> [WHAT YOU SHOULD DO]: Filter the listing down to the lines containing the word "Blue".

> [THE INPUT]:

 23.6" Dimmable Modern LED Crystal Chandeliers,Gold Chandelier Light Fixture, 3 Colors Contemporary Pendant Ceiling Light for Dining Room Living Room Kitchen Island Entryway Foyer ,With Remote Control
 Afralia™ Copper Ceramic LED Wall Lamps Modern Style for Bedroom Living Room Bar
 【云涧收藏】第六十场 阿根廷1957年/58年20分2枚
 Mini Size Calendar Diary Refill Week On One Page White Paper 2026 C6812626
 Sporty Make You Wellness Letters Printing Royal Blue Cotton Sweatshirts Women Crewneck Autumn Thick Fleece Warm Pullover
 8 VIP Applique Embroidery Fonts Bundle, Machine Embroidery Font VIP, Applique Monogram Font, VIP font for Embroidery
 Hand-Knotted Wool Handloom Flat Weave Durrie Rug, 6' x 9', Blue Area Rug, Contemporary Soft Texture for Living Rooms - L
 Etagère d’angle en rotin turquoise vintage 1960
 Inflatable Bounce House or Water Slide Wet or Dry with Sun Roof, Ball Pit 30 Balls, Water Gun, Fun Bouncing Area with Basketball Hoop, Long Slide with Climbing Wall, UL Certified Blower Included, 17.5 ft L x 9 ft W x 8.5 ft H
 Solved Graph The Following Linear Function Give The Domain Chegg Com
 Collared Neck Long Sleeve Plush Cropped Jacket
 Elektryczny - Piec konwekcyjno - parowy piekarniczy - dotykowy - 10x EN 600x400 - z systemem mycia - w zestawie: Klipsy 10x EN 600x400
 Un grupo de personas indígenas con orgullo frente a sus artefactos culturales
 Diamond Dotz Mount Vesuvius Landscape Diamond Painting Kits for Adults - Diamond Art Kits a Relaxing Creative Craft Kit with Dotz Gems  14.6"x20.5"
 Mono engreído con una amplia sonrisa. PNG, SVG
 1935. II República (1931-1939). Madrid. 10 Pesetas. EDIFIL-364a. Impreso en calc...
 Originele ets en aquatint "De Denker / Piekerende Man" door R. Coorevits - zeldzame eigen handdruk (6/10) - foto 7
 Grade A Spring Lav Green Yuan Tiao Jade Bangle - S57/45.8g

> [ANSWER SECTION]:
 Sporty Make You Wellness Letters Printing Royal Blue Cotton Sweatshirts Women Crewneck Autumn Thick Fleece Warm Pullover
 Hand-Knotted Wool Handloom Flat Weave Durrie Rug, 6' x 9', Blue Area Rug, Contemporary Soft Texture for Living Rooms - L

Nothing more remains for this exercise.